Serikat Pekerja Kampus (SPK) mengadakan diskusi melalui siaran akun Instagram dengan tajuk “Kemana UGM Hari Ini?” pada Kamis (21/08). Dengan menghadirkan Noer Kasanah dan Dhia Al-Uyun sebagai perwakilan dari SPK, diskusi ini membahas mengenai kebebasan akademik pekerja kampus di Indonesia yang masih sangat rentan. Diskusi ini menyoroti proses etik di kampus yang kerap tidak jelas dan mengandung konflik kepentingan.
Kisah Noer Kasanah menjadi pemantik dalam mengungkap kondisi pelik kebebasan akademik di Universitas Gadjah Mada (UGM). Sejak Maret 2023 lalu, Noer Kasanah menghadapi hambatan serius dalam proses kenaikan pangkat guru besar.

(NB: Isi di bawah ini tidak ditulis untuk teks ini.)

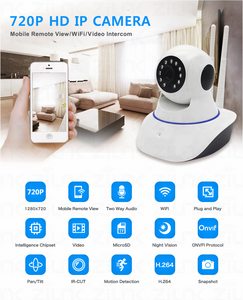 Cámara de Seguridad Vigilancia Inteligente 360º (Monitoreada Teléfono Móvil)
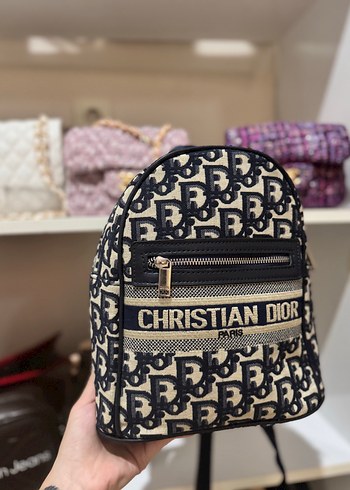 Christian Dior Baskılı Kahverengi Sırt Çantası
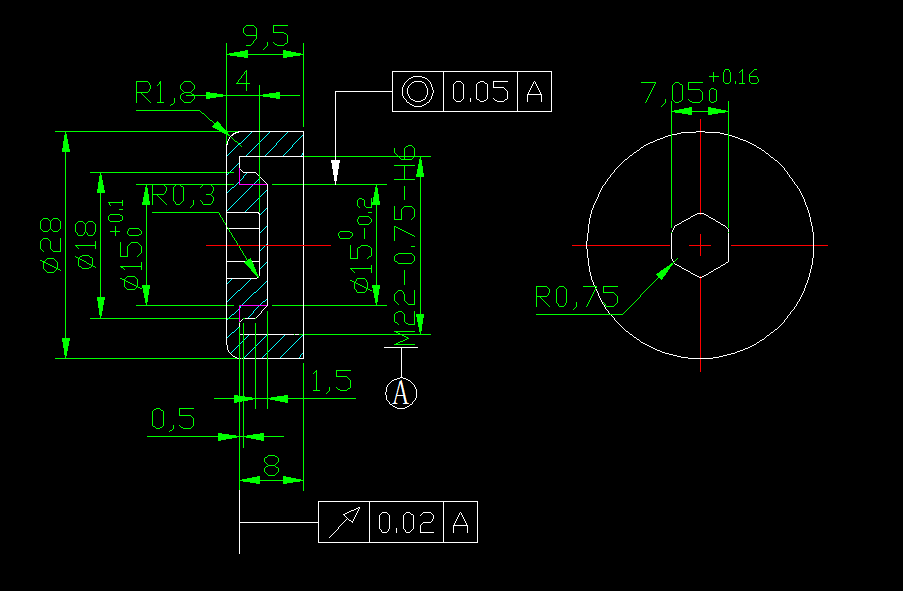 M845-螺纹端盖注塑模具设计-长28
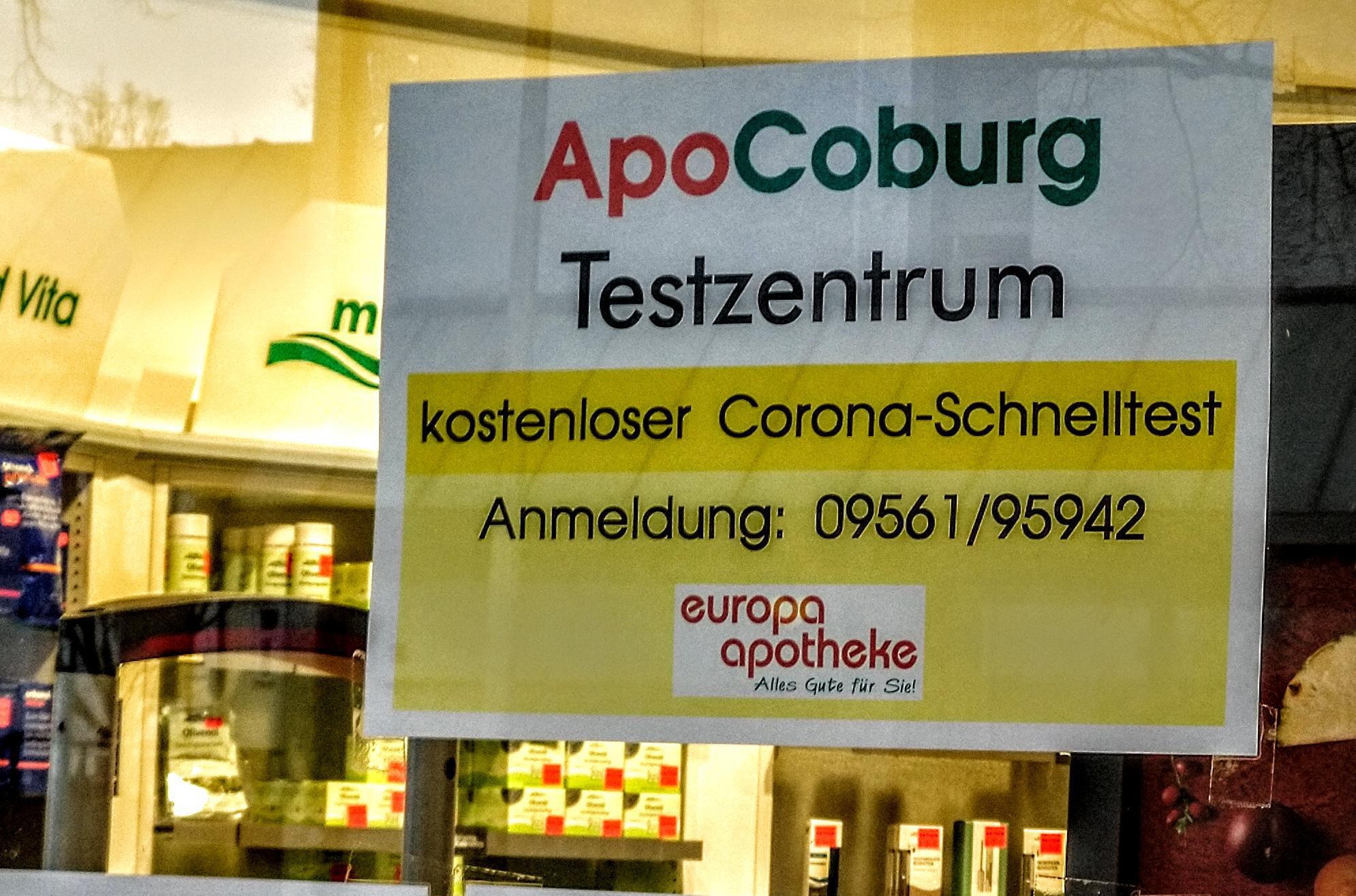 corona tests in coburg hier konnen sich burger kostenlos testen lassen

Ketiadaan transparansi dari pihak departemen terkait membuat Noer mau tak mau menempuh jalur hukum dengan melapor ke Komisi Informasi Pusat, Ombudsman RI, dan Komnas HAM. Noer menguak fakta adanya tindakan maladministrasi yang dilakukan oleh pihak departemen terhadap usulan kenaikan pangkatnya. “Jadi saya melaporkan 4 laporan, 3 [laporan-red] keluar, maladministrasi,” ujarnya.
Namun, tindakannya dalam menguak praktik maladministrasi tersebut justru menjerumuskan Noer ke dalam hukuman etik yang menghentikan karir dan kegiatan akademiknya. Menurutnya, tindakan ini bukan lagi sekedar urusan naik pangkat, tetapi sudah masuk kategori kejahatan kemanusiaan. “Saya dimasukkan ke sidang etik dan saya sudah dihukum dengan hukuman yang seberat-beratnya,” tegas Noer.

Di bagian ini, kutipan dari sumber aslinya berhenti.